New York Daily News

OPEN & CLOSE

Flores and Murphy hopeful of return; Parnell eyes May

- BY ANDY MARTINO

PORT ST. LUCIE − While Terry Collins and a few of his regulars played in front of thousands at Steinbrenn­er Field in Tampa, three important Mets moved forward at their home ballpark.

In the morning, Daniel Murphy (hamstring) and Wilmer Flores (foot) participat­ed in varying degrees of baseball activity. Later in the day, Bobby Parnell continued to work toward his return from Tommy John surgery by pitching a scoreless inning in a Triple-A game.

Murphy and Flores remain hopeful of healing in time for Opening Day, while Parnell is targeting “sometime in May.”

The onetime closer, looking to resume his career after having surgery last April, threw 17 pitches (12 for strikes) against the Marlins, in his second minor-league outing.
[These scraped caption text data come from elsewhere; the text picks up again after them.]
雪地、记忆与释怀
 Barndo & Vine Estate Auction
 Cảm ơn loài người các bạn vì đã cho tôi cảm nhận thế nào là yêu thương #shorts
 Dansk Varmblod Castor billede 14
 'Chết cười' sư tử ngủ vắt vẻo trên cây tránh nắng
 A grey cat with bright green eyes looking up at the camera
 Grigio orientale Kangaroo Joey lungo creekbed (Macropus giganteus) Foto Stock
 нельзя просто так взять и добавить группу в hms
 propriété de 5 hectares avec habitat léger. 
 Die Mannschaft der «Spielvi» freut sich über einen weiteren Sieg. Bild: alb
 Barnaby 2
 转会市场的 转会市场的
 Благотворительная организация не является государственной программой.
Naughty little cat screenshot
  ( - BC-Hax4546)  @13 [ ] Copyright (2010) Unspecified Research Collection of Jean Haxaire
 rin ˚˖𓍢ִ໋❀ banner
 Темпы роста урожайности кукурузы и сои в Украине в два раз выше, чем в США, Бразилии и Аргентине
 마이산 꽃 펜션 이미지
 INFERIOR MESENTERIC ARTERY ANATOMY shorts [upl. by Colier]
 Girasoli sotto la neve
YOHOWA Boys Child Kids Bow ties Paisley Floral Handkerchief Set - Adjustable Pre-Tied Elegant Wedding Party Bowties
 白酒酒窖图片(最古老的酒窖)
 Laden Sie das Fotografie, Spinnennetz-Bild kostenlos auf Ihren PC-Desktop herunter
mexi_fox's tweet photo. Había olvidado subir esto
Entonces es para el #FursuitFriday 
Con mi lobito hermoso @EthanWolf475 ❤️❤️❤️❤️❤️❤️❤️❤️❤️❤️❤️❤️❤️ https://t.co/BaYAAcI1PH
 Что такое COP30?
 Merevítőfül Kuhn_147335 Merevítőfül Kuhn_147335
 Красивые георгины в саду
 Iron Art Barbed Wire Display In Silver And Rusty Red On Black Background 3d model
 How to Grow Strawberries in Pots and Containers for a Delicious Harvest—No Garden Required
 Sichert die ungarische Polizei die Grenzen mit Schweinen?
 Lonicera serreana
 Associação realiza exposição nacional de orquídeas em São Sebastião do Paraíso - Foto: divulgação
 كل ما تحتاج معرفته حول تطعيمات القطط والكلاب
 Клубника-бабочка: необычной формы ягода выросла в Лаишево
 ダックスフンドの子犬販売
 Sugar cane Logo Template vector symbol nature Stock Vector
He struck out one, allowed a double and induced a pair of groundouts. Known for a high-90s fastball, Parnell was at 88-91 miles per hour on Wednesday.

One evaluator in attendance said that he was not concerned with the velocity, because Parnell is still building arm strength, and the righty looked free and easy with his delivery. Parnell offered the additional explanatio­n that he was working on mostly twoseam fastballs, which are always slower than four-seamers.

“I went into this outing trying not to overthrow,” Parnell said. “So I knew the gun wasn’t going to be anything outstandin­g. I backed off, and I wanted to work on my twoseamer, because it wasn’t there last game, and make sure I stayed back on the rubber. It was more a ‘go out there and knock the rust off’ kind of thing, rather than overthrow.”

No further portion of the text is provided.